Departamento Religião - Textos

ASSARÁ BE TEVET   

O jejum do 10 de Tevet – Dia do Kadish geral

Quero com esta poucas palavras informar, não sobre o sentido clássico desta data do calendário judaico, mas sobre um outro sentido que lhe foi acrescentado no passado século.

Como sabemos o dia 10 do mês de Tevet é um dos jejuns menores, no qual recordamos o cerco feito à Jerusalém pelos Babilónios, que teve como consequência a destruição do Templo e o exílio dos Israelitas.

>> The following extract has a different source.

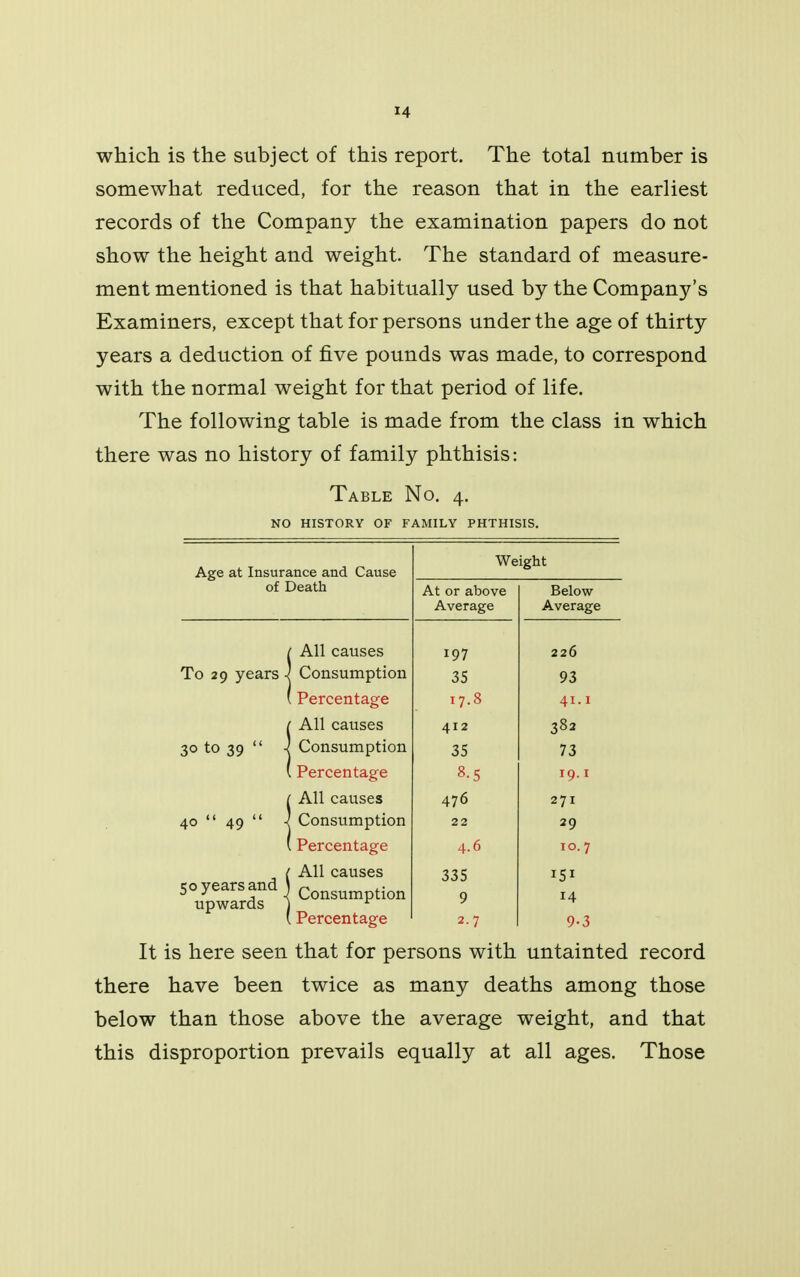 which is the subject of this report. The total number is somewhat reduced, for the reason that in the earliest records of the Company the examination papers do not show the height and weight. The standard of measure- ment mentioned is that habitually used by the Company's Examiners, except that for persons under the age of thirty years a deduction of five pounds was made, to correspond with the normal weight for that period of life. The following table is made from the class in which there was no history of family phthisis: Table No. 4. NO HISTORY OF FAMILY PHTHISIS. Below Average 226 93 41.1 382 73 19.1 271 29 10.7 151 14 9-3 It is here seen that for persons with untainted record there have been twice as many deaths among those below than those above the average weight, and that this disproportion prevails equally at all ages. Those Age at Insurance and Cause of Death To 29 30 to 39 40  49 All causes 197 Consumption 35 Percentage 17.8 All causes 412 Consumption 35 Percentage 8-5 All causes 476 Consumption 22 Percentage 4-6 All causes 335 Consumption 9 Percentage 2.7 We At or above Average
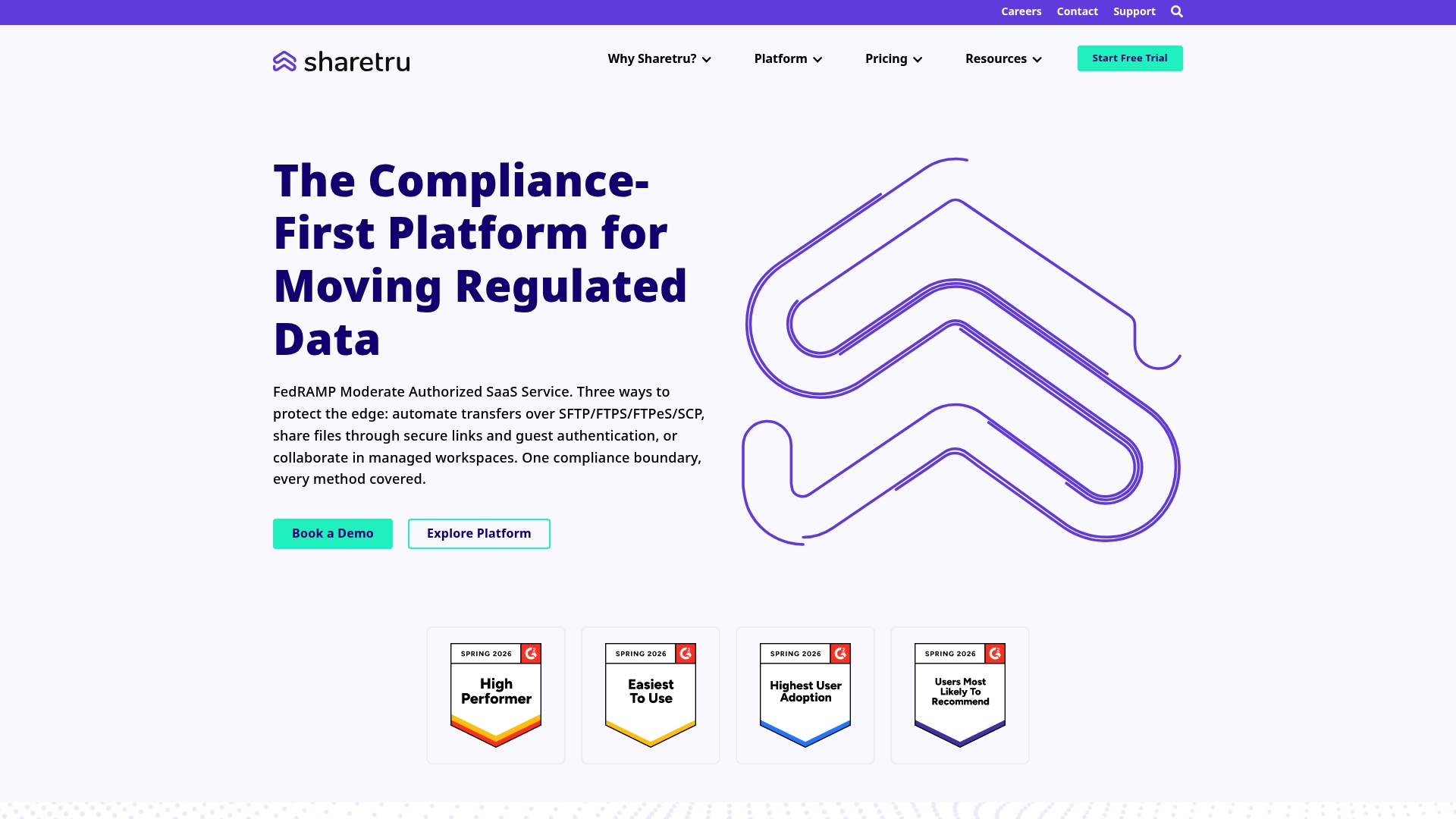 https://sharetru.com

Com o holocausto Nazi, surgiram muitas situações nas quais várias famílias não sabiam e não podiam identificar a data de falecimento de seus queridos familiares assassinados durante a guerra. Com o nascimento do Estado de Israel e o estabelecimento dum corpo rabínico estruturado, HaRabanut HaRashit LeIsrael, o Rabinato Central Israelita, os rabinos consideraram a necessidade de estabelecer um dia para recordar os falecidos cuja data e circunstâncias de falecimento eram desconhecidas, sem necessariamente acrescentar um outro dia no calendário judaico, coisa de difícil cumprimento do ponto de vista da Halachá, a lei judaica.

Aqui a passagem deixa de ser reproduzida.